Utah Power & Light Co. v. Bishop

484 P.2d 1187 | Utah | 1971

TUCKETT, Justice:

The plaintiff filed two cases in the District Court for Davis County, requesting the court to declare that it had valid and subsisting rights in certain easements and restraining the defendants from interfering with the plaintiff’s use thereof. After a pretrial was held in the court below, the court determined that there were no issues of fact to be tried except as to an issue of damages raised by the defendant, Ruby A. Olsen, and to that matter the issue was reserved for a separate trial. The trial court was of the opinion that the plaintiff was entitled to exercise in the year 1968 the easement rights granted to it by certain deeds, and accordingly entered a summary judgment in favor of the plaintiff.

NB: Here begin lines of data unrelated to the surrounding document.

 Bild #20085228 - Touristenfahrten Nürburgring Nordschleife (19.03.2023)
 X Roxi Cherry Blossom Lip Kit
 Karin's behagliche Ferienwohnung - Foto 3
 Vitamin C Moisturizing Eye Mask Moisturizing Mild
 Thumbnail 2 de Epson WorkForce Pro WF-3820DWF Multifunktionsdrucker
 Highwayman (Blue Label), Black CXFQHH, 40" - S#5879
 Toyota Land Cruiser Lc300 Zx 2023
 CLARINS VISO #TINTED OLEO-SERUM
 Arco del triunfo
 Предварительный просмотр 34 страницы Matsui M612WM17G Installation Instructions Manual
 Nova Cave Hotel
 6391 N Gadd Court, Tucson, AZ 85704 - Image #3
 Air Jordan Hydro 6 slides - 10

The defendants are here seeking a reversal of that judgment.

*61During the years 1913 and 1914 the predecessors in interest and title of the defendants by written conveyances granted to the predecessor of the plaintiff easements for the purpose of constructing and maintaining lines for the transmission of electrical energy. Each of the instruments described by metes and bounds a strip of property ISO feet wide, which strip traversed the lands of the grantors and provided that one or more towers could be erected on each parcel. One transmission line was constructed in 1914, and in 1968 the plaintiff undertook to construct a second transmission line, and these proceedings ensued.

The defendants here contend that the grants executed in the years 1913 and 1914 granted to the plaintiff a right-of-way for the purposes of establishing and maintaining a line or lines for the purpose of transmitting electric or other power, but did not permit the plaintiff to construct a second line in 1968. The defendants further claim that the building of a transmission line in the year 1914 was the only line contemplated by the grantors and the grantee, and a proper construction of the language of the grants limited.the use to the building of one line only.

So far as we can ascertain there are no times specified in the grants during which the grantee was required to exercise the rights granted to it.1 We are of the opinion that the grants of the easement for the purposes specified in each instrument are in perpetuity, and that the uses are limited only to the property described in the instruments and to the number of towers specified therein. We know of no rule which would prohibit the grant of an easement to be enjoyed in the future.

We find no limitations in the grants executed by the defendants’ predecessors in ownership, and the grants having been duly recorded, defendants had actual or constructive notice of the easements, and it would appear that the plaintiff was entitled to construct a second transmission line over the property in question, subject only to the limitations above mentioned.

The decision of the trial court is affirmed. Respondent is entitled to costs.

CALLISTER, C. J., and HENRIOD, ELLETT, and CROCKETT, JJ., concur.

. Patterson v. Chambers’ Power Co., 81 Or. 328, 159 P. 568; Laux v. Freed, 53 Cal.2d 512, 2 Cal.Rptr. 265, 348 P.2d 873; Randall v. Grant, 210 Mass. 302, 96 N.E. 672; Cox v. Glenbrook Co., 78 Nev. 254, 371 P.2d 647; 3 A.L.R.3d 1262.